Uncovering Bias in Personal Informatics
This addresses bias issues in personal informatics systems used by billions for health monitoring, which has practical and ethical implications, though it is incremental as it builds on existing bias research in a specific domain.
The study conducted the first comprehensive empirical and analytical investigation of bias in personal informatics systems, finding that biases exist in data generation and machine learning processes, with minority groups like users with health issues and females being most affected, including intersectional biases.
Personal informatics (PI) systems, powered by smartphones and wearables, enable people to lead healthier lifestyles by providing meaningful and actionable insights that break down barriers between users and their health information. Today, such systems are used by billions of users for monitoring not only physical activity and sleep but also vital signs and women's and heart health, among others.
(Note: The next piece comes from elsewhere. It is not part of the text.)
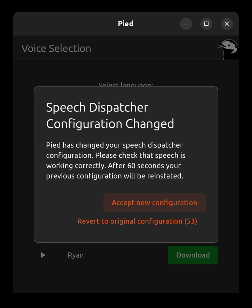Pied has changed your speech dispatcher configuration. Please check that speech is working correctly. After 60 seconds your previous configuration will be reinstated.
Despite their widespread usage, the processing of sensitive PI data may suffer from biases, which may entail practical and ethical implications. In this work, we present the first comprehensive empirical and analytical study of bias in PI systems, including biases in raw data and in the entire machine learning life cycle. We use the most detailed framework to date for exploring the different sources of bias and find that biases exist both in the data generation and the model learning and implementation streams. According to our results, the most affected minority groups are users with health issues, such as diabetes, joint issues, and hypertension, and female users, whose data biases are propagated or even amplified by learning models, while intersectional biases can also be observed.